Israel's Entrenchment Response
Israel's response to the mounting international censure came swiftly. The Israeli anti-settlement group Peace Now reported that the cabinet moved to fund 69 settlements in a plan worth $388 million, bypassing standard planning procedures. According to Peace Now, the government has approved or legalized 103 settlements since late 2022, 51 of them entirely new. Many of the newly funded sites are located in strategically sensitive areas, such as the South Hebron Hills and the Jordan Valley. Furthermore, on June 11, Haaretz reported that the Israeli military announced it was establishing a permanent post in Jenin refugee camp. This marks the first standing presence within Area A since the Oslo Accords, an area meant to be under full Palestinian civil and security control.
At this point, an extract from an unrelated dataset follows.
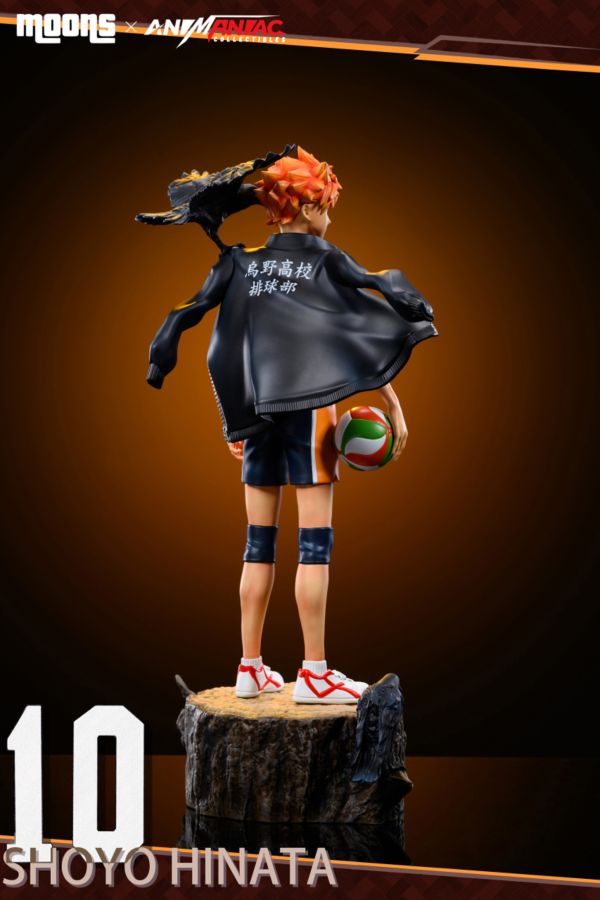 【售罄展示追加請私訊客服@toystationtw】排球少年 1/6 日向翔陽(雙版本) X Moons&Animaniac 動漫,模型,玩具,gk,玩驛,火影,手辦,海賊,死神,航海王,獵人,阿拉蕾,七大罪,七龍珠,寶可夢,神奇寶貝,哥吉拉,宮崎駿,迪士尼,灌籃高手,鬼滅之日刃,一拳超人,蠟筆小新,咒術,鏈鋸人,進擊的巨人,妖精尾巴,我的英雄學院,我英,鋼鍊,鋼之煉金術師,新世紀福音戰士,EVA,間諜家家酒,Re0,漫威,dc,集美#hex#tsume#prime1#queen#tes#xm#野獸國#壽屋#數碼寶貝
Coordinated Outpost Campaign and Settler Violence
On the ground, the drive to build new illegal outposts deeper into Palestinian-administered land has played out most visibly northwest of Ramallah. In Deir Abu Mash'al, residents spent six consecutive days attempting to stop settlers from establishing an outpost on al-Qarana hill. When villagers dismantled a settler tent, settlers erected a second one on June 15, attacking residents and a council member and injuring four Palestinians, one critically, while Israeli forces fired tear gas and live ammunition. Settlers also expanded outposts elsewhere, bringing mobile units and seizing hundreds of dunums of land while police reportedly barred landowners from their property. Nightly raids continued, with masked, armed settlers attacking villages, torching vehicles, partially burning homes, and setting fire to mosque entrances.
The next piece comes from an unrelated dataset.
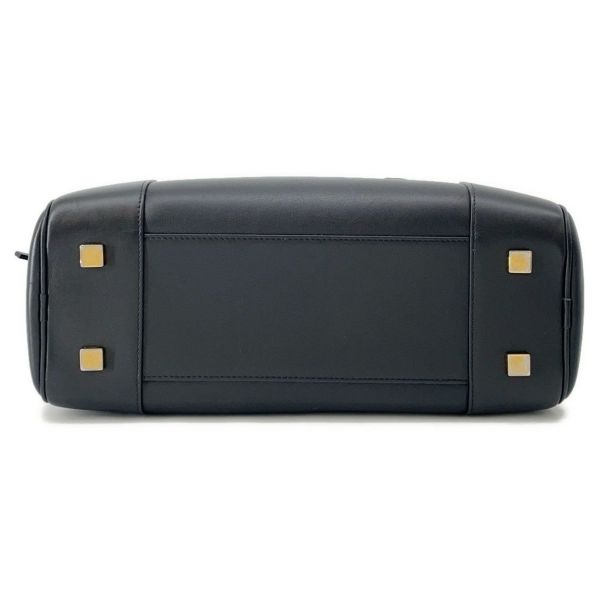 ロエベ ハンドバッグ アマソナ28 ナパカーフレザー A039N08X01 LOEWE 2way 黒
"Settler chat groups boasted in a circulated manifesto of 'endless tours through Areas A and B' and 'new outposts growing like mushrooms after rain'."
Impact on Bedouin Communities and Water Sabotage
Bedouin and herding communities have continued to bear the brunt of the campaign. Israeli authorities issued demolition and stop-work orders against numerous structures, demolished homes, and razed a poultry slaughterhouse that supported 50 people. The weaponization of water has also been a recurring tactic, with settlers severing pipelines, contaminating wells, burning wells, and stealing pipes. The UN Office for the Coordination of Humanitarian Affairs (OCHA) reported that since January, more than 100 incidents have damaged or destroyed over 190 water and sanitation structures across the West Bank, cutting off at least 10 communities from the water network.

Conclusion
The events of the past week underscore a deepening crisis in the occupied West Bank, characterized by a stark disconnect between international condemnation and Israeli actions on the ground. While diplomatic moves like France's ban on Minister Smotrich and Western sanctions represent a significant shift in rhetoric, they have not deterred the Israeli government from advancing its settlement expansion and entrenchment. The Amnesty International report and the UN Secretary-General's warnings serve as grave assessments of the situation, pointing to a systematic and state-sponsored effort to reshape the occupied territory in a manner that many consider to be a violation of international law. The path forward remains fraught with tension, as the international community grapples with how to translate its censure into effective action that can halt the ongoing dispossession and violence.